CAN YOU NAME THE ENGINE?


| September/October 1967



Unidentified Engine

Courtesy of W. J. Eshelman, 722 East End Ave., Lancaster, Penna. 17602 (See Story)

W. J. Eshelman

722 East End Ave., Lancaster, Penna. 17602

On one of my business calls, I happened to see an ancient postcard sticking on the wall of a dealers Office. Needless to say both had been there for some years. I obtained the loan of this card to have a negative made for reproduction, which I am forwarding to you with this little story.

The picture is that of Henry R. Longenecker, a pioneer dealer of Rheems, Lancaster County, Pennsylvania and a gasoline traction engine of a long forgotten make. Mr. Longenecker was born in 1876 and grew to manhood at the opening of the gasoline engine era, but started business with a franchise for 'Brown' buggies and carriages. Later, he became one of the first custom operators in the area by filling silos and shredding fodder.

About 1905, he opened a shop at Rheems, which he later enlarged and entered the automobile era.

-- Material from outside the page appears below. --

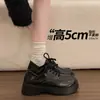 Zapatos de cuero para mujer estilo británico de suela gruesa, nuevo modelo de otoño 2026, adecuados para combinar con faldas, con cordones, zapatos de vestir de doble uso, mocasines negros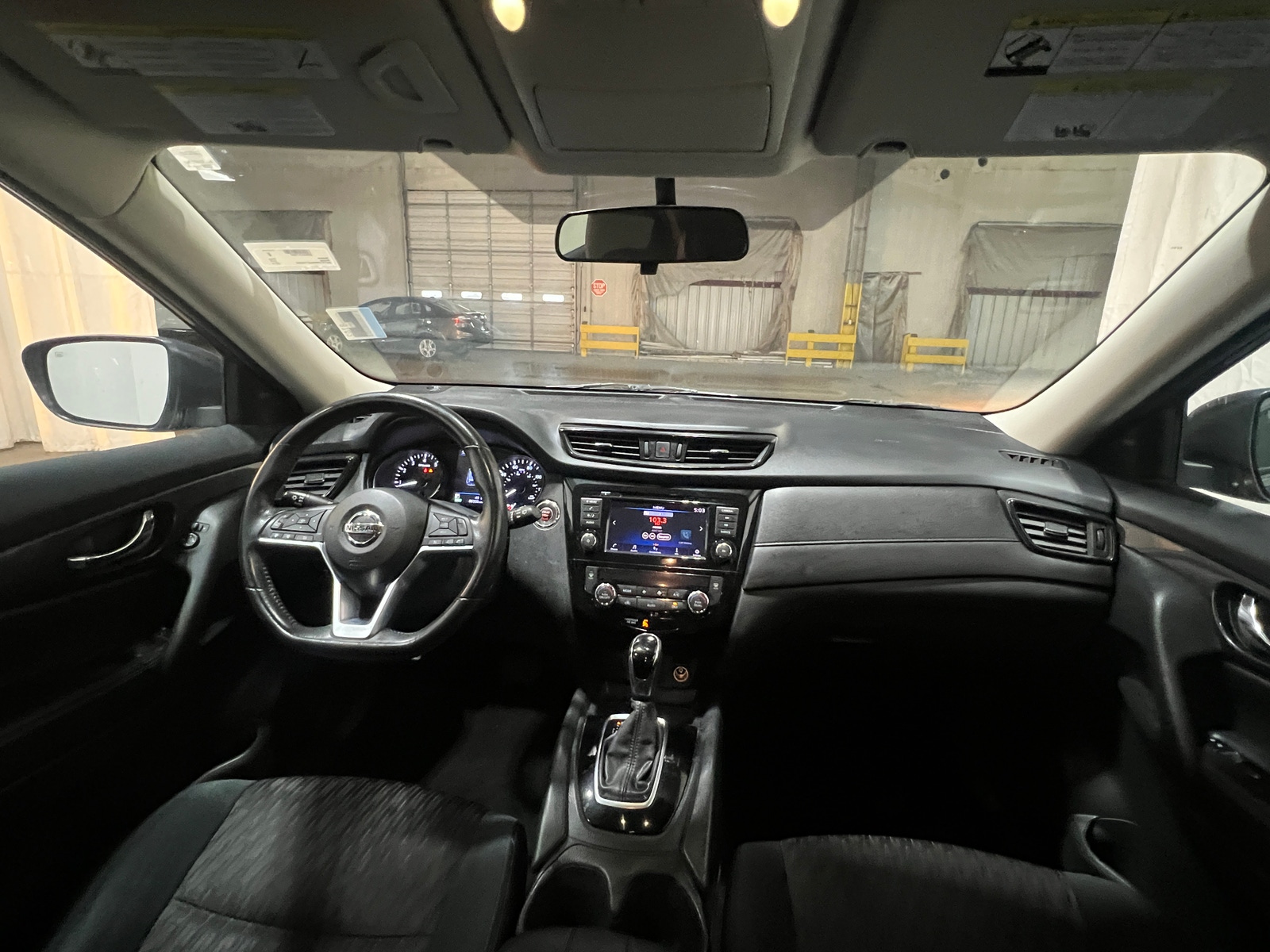 Thumbnail: 2018 Nissan Rogue - 3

In the days of fabric tires, he drove his intended bride to Lancaster to purchase a marriag license and had two flat tires in a distance of about twenty miles.

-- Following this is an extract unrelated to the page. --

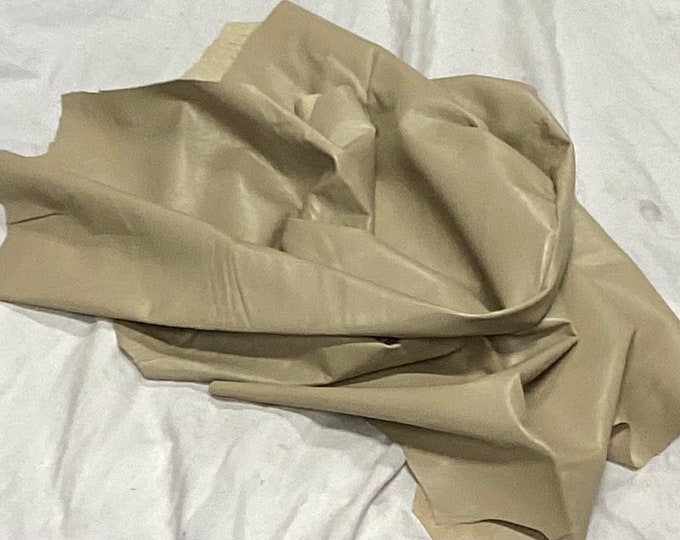 Pearlized Beige Lambskin Leather Hide TOWN4014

Manufactures at that time did not have iron clad contracts or were they too interested as to the number of lines a dealer handled and this dealer sold the desired make of the customer. The automobiles included Brush, Lambert, Patterson and White. As to gasoline engines, he sold Advance, Rumely, New Holland, Witte and Alamo engines and electric light plants. One of his early engines was perhaps an Advance or Rumely with a four cylinder engine (I don't vouch for this) but in any event it had a single rear wheel drive, with a V belt made of wood blocks, much in the same manner as the Westinghouse steam engine and this drive apparently left much to be desired.

Mr. Longenecker once had his leg broken by an automobile he was cranking and walked lame the balance of his life. He died in 1946.